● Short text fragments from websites
---

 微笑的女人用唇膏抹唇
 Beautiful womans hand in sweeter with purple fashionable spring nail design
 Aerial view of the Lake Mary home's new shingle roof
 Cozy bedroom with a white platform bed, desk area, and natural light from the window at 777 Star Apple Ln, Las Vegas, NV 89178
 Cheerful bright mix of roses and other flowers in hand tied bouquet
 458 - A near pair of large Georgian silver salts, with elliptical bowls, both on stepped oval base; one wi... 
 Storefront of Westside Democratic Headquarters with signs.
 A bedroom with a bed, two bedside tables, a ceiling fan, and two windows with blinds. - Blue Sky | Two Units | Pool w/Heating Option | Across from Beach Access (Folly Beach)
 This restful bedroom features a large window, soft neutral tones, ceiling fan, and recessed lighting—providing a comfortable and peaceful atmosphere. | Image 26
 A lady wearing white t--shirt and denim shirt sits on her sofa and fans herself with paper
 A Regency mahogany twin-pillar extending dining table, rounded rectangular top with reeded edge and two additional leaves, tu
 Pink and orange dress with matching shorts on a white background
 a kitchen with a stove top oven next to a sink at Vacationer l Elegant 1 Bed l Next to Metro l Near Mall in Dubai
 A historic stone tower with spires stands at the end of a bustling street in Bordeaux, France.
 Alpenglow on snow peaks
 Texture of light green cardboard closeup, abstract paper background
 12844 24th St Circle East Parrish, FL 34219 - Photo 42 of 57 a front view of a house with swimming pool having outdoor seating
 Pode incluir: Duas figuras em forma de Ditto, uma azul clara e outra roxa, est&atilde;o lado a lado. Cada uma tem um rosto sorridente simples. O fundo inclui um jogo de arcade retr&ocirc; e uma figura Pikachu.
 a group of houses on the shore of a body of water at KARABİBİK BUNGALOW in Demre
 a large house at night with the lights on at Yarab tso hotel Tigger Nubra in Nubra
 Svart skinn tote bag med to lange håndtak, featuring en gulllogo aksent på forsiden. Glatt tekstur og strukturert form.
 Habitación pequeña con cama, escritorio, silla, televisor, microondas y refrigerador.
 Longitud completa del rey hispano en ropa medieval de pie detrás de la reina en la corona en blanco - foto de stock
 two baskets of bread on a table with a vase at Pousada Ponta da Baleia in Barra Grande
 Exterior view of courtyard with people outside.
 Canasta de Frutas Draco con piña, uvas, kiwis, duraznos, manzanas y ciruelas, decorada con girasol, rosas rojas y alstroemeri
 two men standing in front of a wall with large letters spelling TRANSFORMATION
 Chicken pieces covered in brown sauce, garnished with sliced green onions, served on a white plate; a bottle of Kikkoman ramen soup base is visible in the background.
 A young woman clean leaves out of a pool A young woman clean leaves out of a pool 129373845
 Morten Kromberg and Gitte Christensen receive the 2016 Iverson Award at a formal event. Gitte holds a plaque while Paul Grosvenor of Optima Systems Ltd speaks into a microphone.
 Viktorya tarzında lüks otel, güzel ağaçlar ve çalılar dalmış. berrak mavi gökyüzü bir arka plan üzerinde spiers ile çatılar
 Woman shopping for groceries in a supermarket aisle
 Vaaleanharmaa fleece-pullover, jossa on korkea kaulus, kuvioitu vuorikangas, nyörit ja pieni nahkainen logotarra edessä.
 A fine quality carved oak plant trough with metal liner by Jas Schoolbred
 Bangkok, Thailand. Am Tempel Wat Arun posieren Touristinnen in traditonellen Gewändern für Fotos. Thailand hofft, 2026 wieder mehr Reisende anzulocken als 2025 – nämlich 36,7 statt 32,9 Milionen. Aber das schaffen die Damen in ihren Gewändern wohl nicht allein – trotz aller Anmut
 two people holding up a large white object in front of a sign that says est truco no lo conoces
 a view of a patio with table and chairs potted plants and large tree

---

● Your goal
Take the lines from the start of the records through the line holding "a group of houses", both included, and please print them exactly, with nothing else.

● Written solution
 微笑的女人用唇膏抹唇
 Beautiful womans hand in sweeter with purple fashionable spring nail design
 Aerial view of the Lake Mary home's new shingle roof
 Cozy bedroom with a white platform bed, desk area, and natural light from the window at 777 Star Apple Ln, Las Vegas, NV 89178
 Cheerful bright mix of roses and other flowers in hand tied bouquet
 458 - A near pair of large Georgian silver salts, with elliptical bowls, both on stepped oval base; one wi... 
 Storefront of Westside Democratic Headquarters with signs.
 A bedroom with a bed, two bedside tables, a ceiling fan, and two windows with blinds. - Blue Sky | Two Units | Pool w/Heating Option | Across from Beach Access (Folly Beach)
 This restful bedroom features a large window, soft neutral tones, ceiling fan, and recessed lighting—providing a comfortable and peaceful atmosphere. | Image 26
 A lady wearing white t--shirt and denim shirt sits on her sofa and fans herself with paper
 A Regency mahogany twin-pillar extending dining table, rounded rectangular top with reeded edge and two additional leaves, tu
 Pink and orange dress with matching shorts on a white background
 a kitchen with a stove top oven next to a sink at Vacationer l Elegant 1 Bed l Next to Metro l Near Mall in Dubai
 A historic stone tower with spires stands at the end of a bustling street in Bordeaux, France.
 Alpenglow on snow peaks
 Texture of light green cardboard closeup, abstract paper background
 12844 24th St Circle East Parrish, FL 34219 - Photo 42 of 57 a front view of a house with swimming pool having outdoor seating
 Pode incluir: Duas figuras em forma de Ditto, uma azul clara e outra roxa, est&atilde;o lado a lado. Cada uma tem um rosto sorridente simples. O fundo inclui um jogo de arcade retr&ocirc; e uma figura Pikachu.
 a group of houses on the shore of a body of water at KARABİBİK BUNGALOW in Demre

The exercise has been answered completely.